• _WORK REQUEST_: Only one stretch of the data below should be repeated: the lines from the line containing "Toyota Hilux toolbox" through the line containing "Damoh : पुलिस", inclusive, exactly as they are.

• _DATASET RECORDS_:
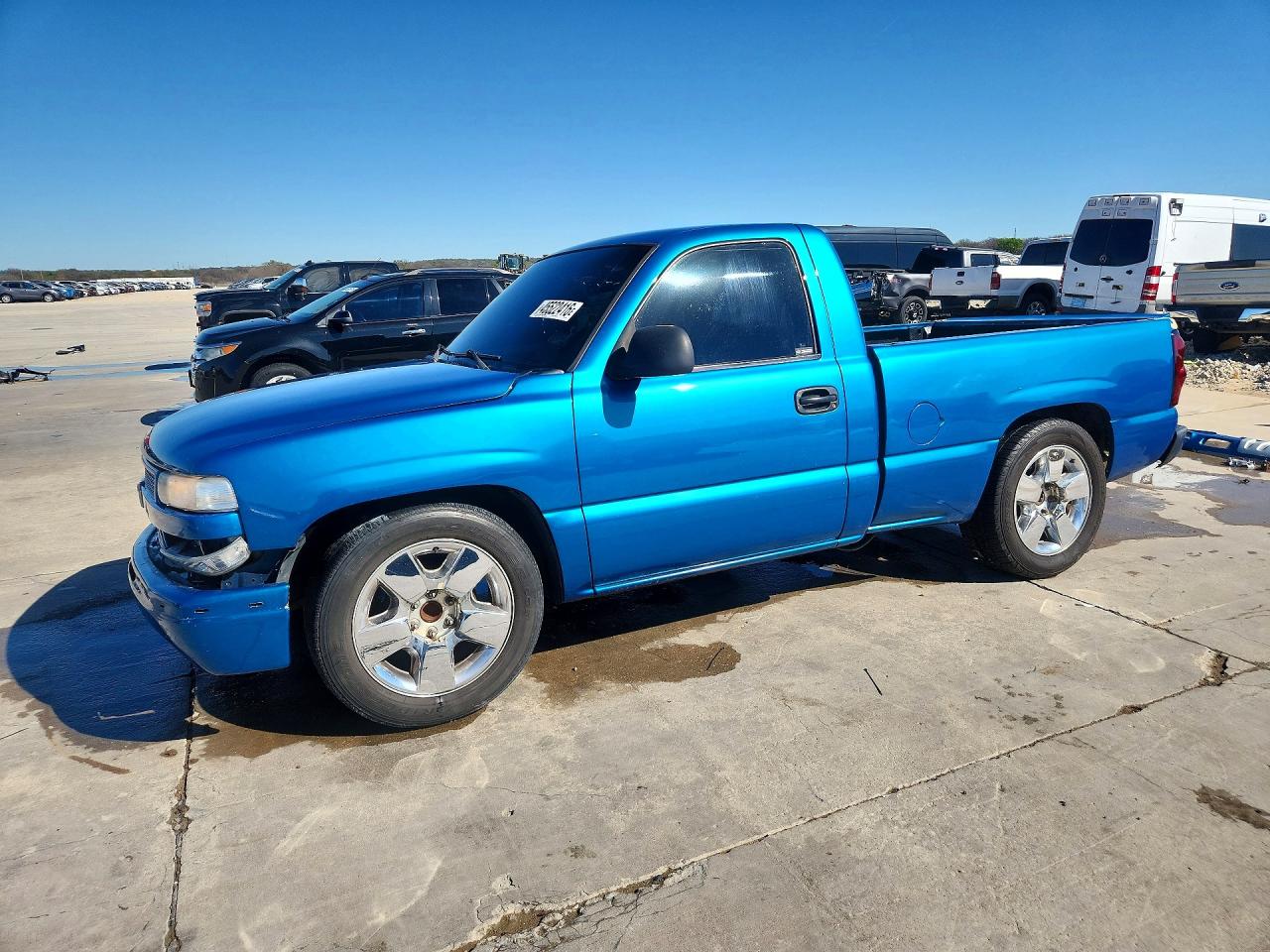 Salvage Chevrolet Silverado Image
...
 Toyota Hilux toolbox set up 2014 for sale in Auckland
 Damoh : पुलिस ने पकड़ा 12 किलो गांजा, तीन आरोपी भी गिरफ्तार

• _EXERCISE RESULT_:
 Toyota Hilux toolbox set up 2014 for sale in Auckland
 Damoh : पुलिस ने पकड़ा 12 किलो गांजा, तीन आरोपी भी गिरफ्तार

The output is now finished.